Increased Expression of Heat-Associated Genes in ss4 Is Caused by Alterations to the Light Reactions of Photosynthesis (A) Simplified schematic of the starch synthesis pathway. (B) Heatmap of the expression of genes differentially expressed between ss4-1 and WT at any sampled time-point. Transcriptomes are shown from plants grown in short days at 17°C. Black bars underneath heatmap show samples taken in the dark (ZT−4, ZT0, ZT12, and ZT16) and white bars show samples taken in the light (ZT1, ZT2, ZT4, and ZT8).

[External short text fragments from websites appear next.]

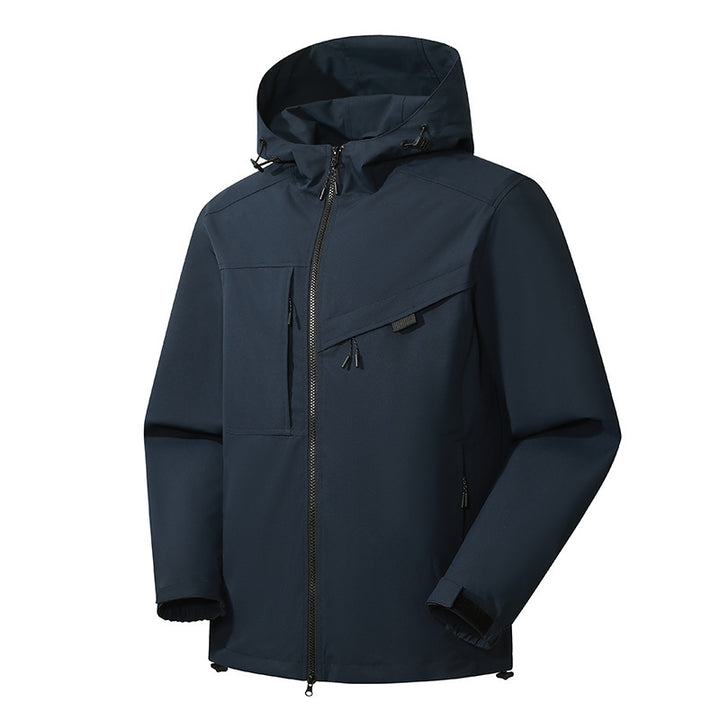 Herren technische Softshelljacke mit Kapuze, diagonalem Brustfach und Multifach-Reißverschlusstaschen Echo Archiv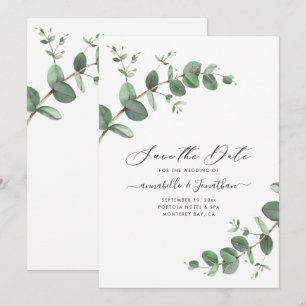 Sage green Eucalyptus botanical folious modern Sav Save The Date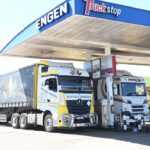 Truck stopped at Engen garage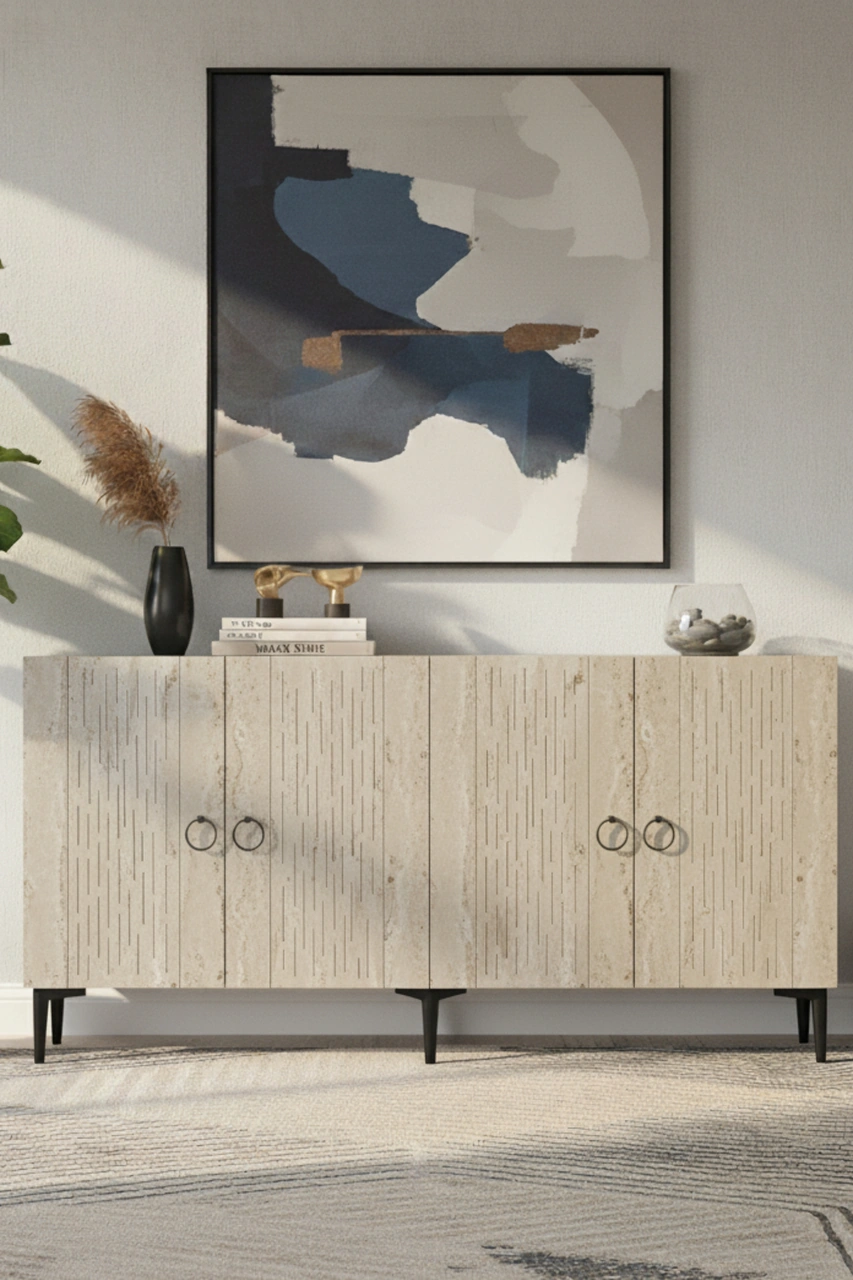 Ka1515bt Raın150 Konsol, Kahve Köşesi, Tv Sehpası Beyaz-traverten 150cm Beyaz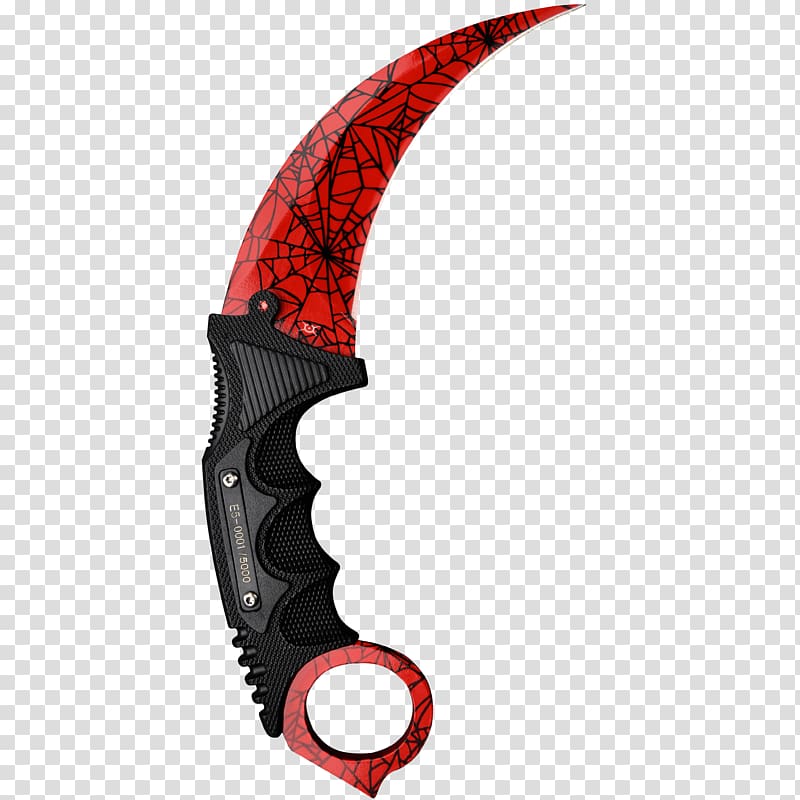 black and red web-print karambit, Counter-Strike: Global Offensive Knife Karambit Steel Weapon, cs go transparent background PNG clipart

Replicate shown in Figure S3A. (C) Heatmap of expression of cluster 4 from (B) in ss3/4, pgm, ss3/4/pgm, and WT (col-0) at 17°C ZT0 and ZT2. Replicate shown in Figure S3C. (B and C) Clusters shown on the left of heat maps and low to high expression (Z scores) is shown as blue to red. (D) Basal thermotolerance of ss3/4, pgm, ss3/4/pgm, and WT (col-0) grown at 17°C in short days and treated at ZT−4, ZT−1, ZT0, ZT1, ZT2, ZT4, ZT8, ZT12, and ZT16. Error bars are the range of two measurements.

Figure 4

The Redox State of the Plastoquinone Pool Is Associated with the Expression of the Morning Cluster of Heat-Associated Genes (A) HSP70 expression assayed by qRT-PCR after DCMU and DBMIB treatment of seedlings grown at 22°C in short days. Plants treated at ZT−1 and sampled at ZT1. Error bars are ±SEM (n = 3). (B) Overlaps of genes under-expressed (Log2 fold change <−0.5) after DCMU (30 μM) and overexpressed (Log2 fold change >0.5) after DBMIB (50 μM) treatments compared to a mock treatment at 22°C, treated at ZT−1 and sampled at ZT1. (C) Expression of cluster 13-1-1 (from Figure 1C) in transcriptomes of untreated, mock-treated, DCMU, and DBMIB-treated seedlings at 22°C and 27°C ZT1 after treatment at ZT−1. Replicate shown in Figure S3E. (D) Expression of the genes under-expressed after DCMU treatment and overexpressed after DBMIB treatment (overlap from B) in WT over a 24-hr time course (same as used for Figure 1C) at 17°C, 22°C, and 27°C. Black bars below heatmap indicate samples taken in the dark (ZT−4, ZT0, ZT12, and ZT16) and white bars indicate samples taken in the light (ZT1, ZT2, ZT4, and ZT8). (C and D) Clusters are shown on the left of heatmap and low to high expression (Z scores) is shown as blue to red. (E) qL over dawn at 17°C and 27°C. Error bars are ±SD (n = 4). (F) Average binding of HSFA1a to genes from the intersection of Figure 4B after treatment at ZT−1 with DCMU (30 μM), DBMIB (50 μM), H₂O₂ (5 mM), and a mock ethanol treatment. Plants sampled at ZT1. Shading represents SE. Replicate shown in Figure S3F.